Ein Gedanke zu “Call Center – sichere Jobs ?

  1. Ich arbeite derzeit seit über ein Jahr über eine Zeitarbeitsfirma für ein Unternehmen als Call-Center-Agent (Kundenservice Inbound). Übernommen wurde ich bisher nicht, da ich die erwartete AHT bisher nicht erreicht habe. Viele Prozesse sind zudem sehr umständlich und wir müssen mit vielen verschiedenen Systemen arbeiten. Wird man evtl. vom Betrieb übernommen, gibt es eine erneute Probezeit und zudem erstmal nur einen befristeten Arbeitsvertrag für 12 Monate. Das alles ist insgesamt wenig motivierend, auf Dauer sogar frustrierend…

    Einerseits legt das Unternehmen Wert auf Kundenservice, andererseits wird aber streng auf die Einhaltung der AHT geachtet. Beides gleichzeitig kontinuierlich gut zu schaffen, geht m. M. n. nicht auf Dauer. Ich stelle daher auch immer wieder fest, dass so manche Nacharbeit von Kollegen „schlampig“ durchgeführt oder Kunden einfach „abgefertigt“ werden. Diesen Kollegen mache ich persönlich aber kein Vorwurf, denn sie stehen ja selbst unter Druck, die vorgegebene AHT zu schaffen, damit sie ihren Job nicht verlieren.

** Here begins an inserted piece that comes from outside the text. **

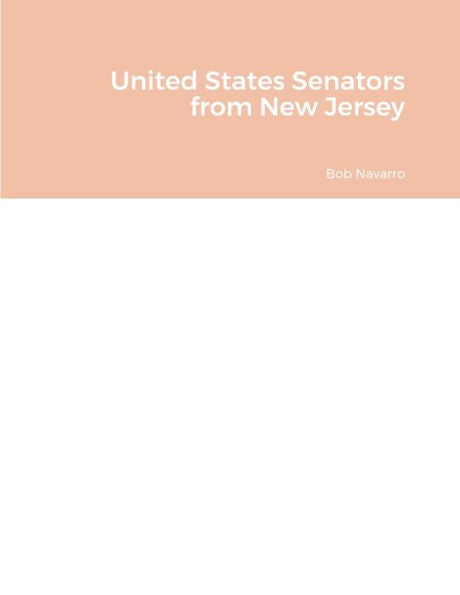 Senadores de los Estados Unidos de Nueva Jersey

    Da ich in den vergangenen Jahren in so einigen Call-Centern gearbeitet habe, weiß ich, dass dies in fast allen Unternehmen (Call-Center) so gehandhabt wird. Die psychischen Belastungen, die man als Call-Center-Agent aushalten muss, sind schon enorm, da gibt es nichts zu beschönigen oder kleinzureden. Auf lange Sicht hält das nicht jeder aus, deshalb ist die Personalfluktuation gerade in diesem Bereich besonders hoch. Wenn sich da in naher Zukunft da nicht grundlegend etwas ändert, bleibt diese Branche für mich persönlich ein sehr unsicherer Arbeitsplatz ohne Hoffnung oder Aussicht auf Festeinstellung. Hier muss der Gesetzgeber dringend etwas ändern!